== Your objective ==
A verbatim repeat of the lines below is required, with the pictures removed.

== Given information ==
+++

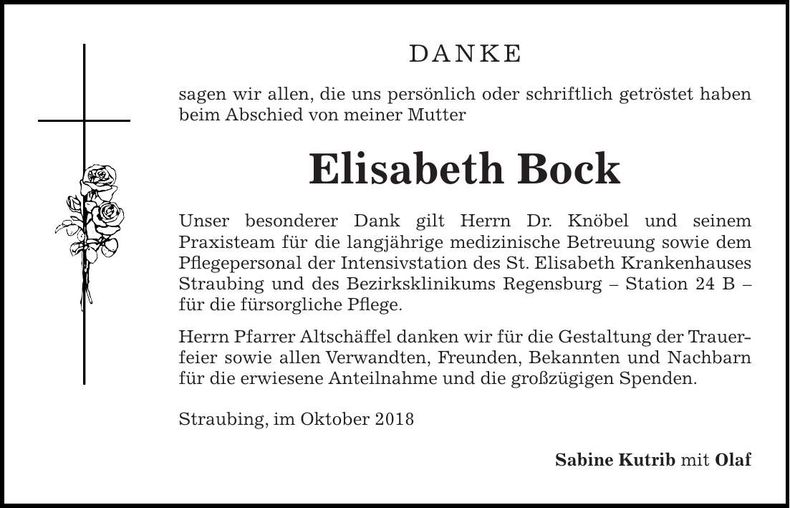 Traueranzeige Elisabeth Bock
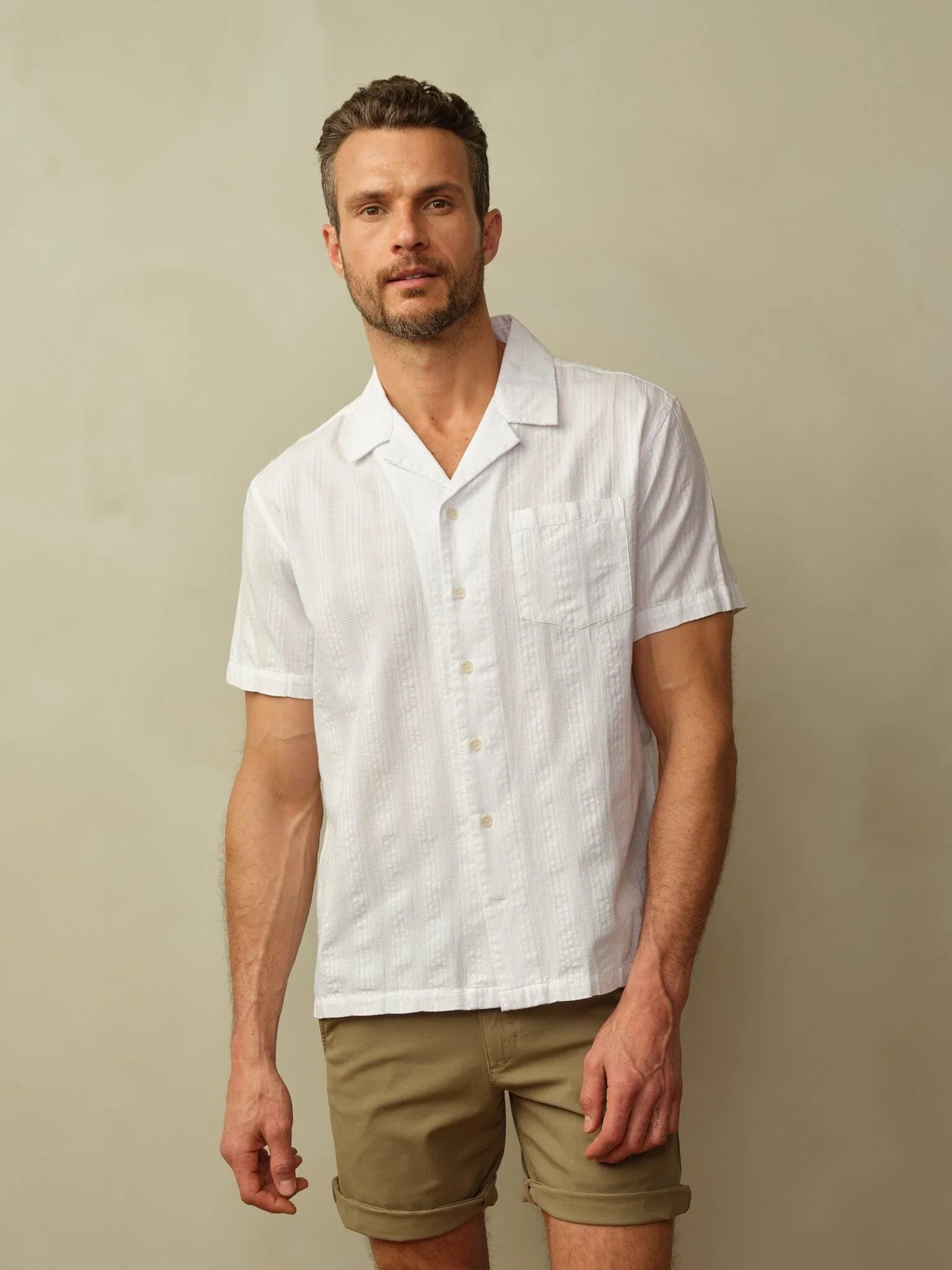 Men's Fez Shirt in Cotton Dobby - Rice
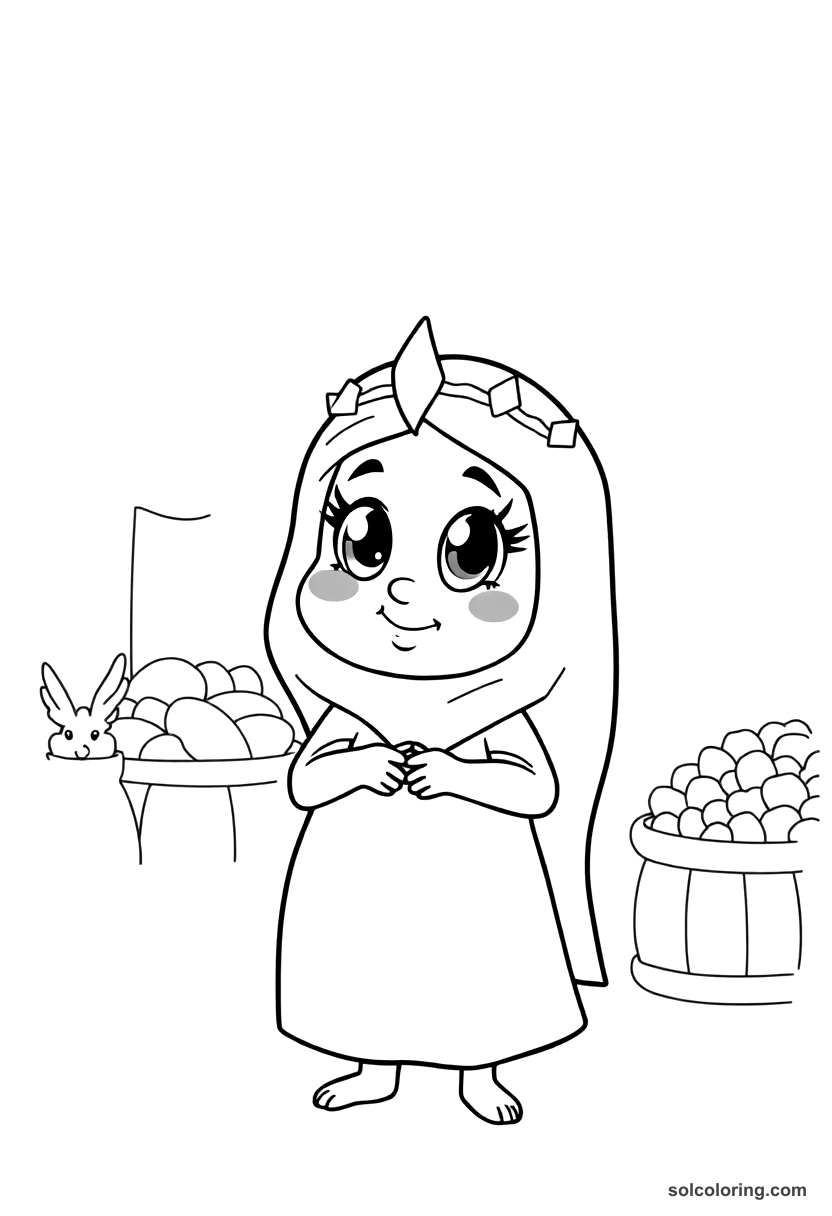 Cute Cartoon The wily Delilah the Schemer in the marketplace coloring page, free printable cute cartoon style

+++

== Exercise result ==
 Traueranzeige Elisabeth Bock
 Men's Fez Shirt in Cotton Dobby - Rice
 Cute Cartoon The wily Delilah the Schemer in the marketplace coloring page, free printable cute cartoon style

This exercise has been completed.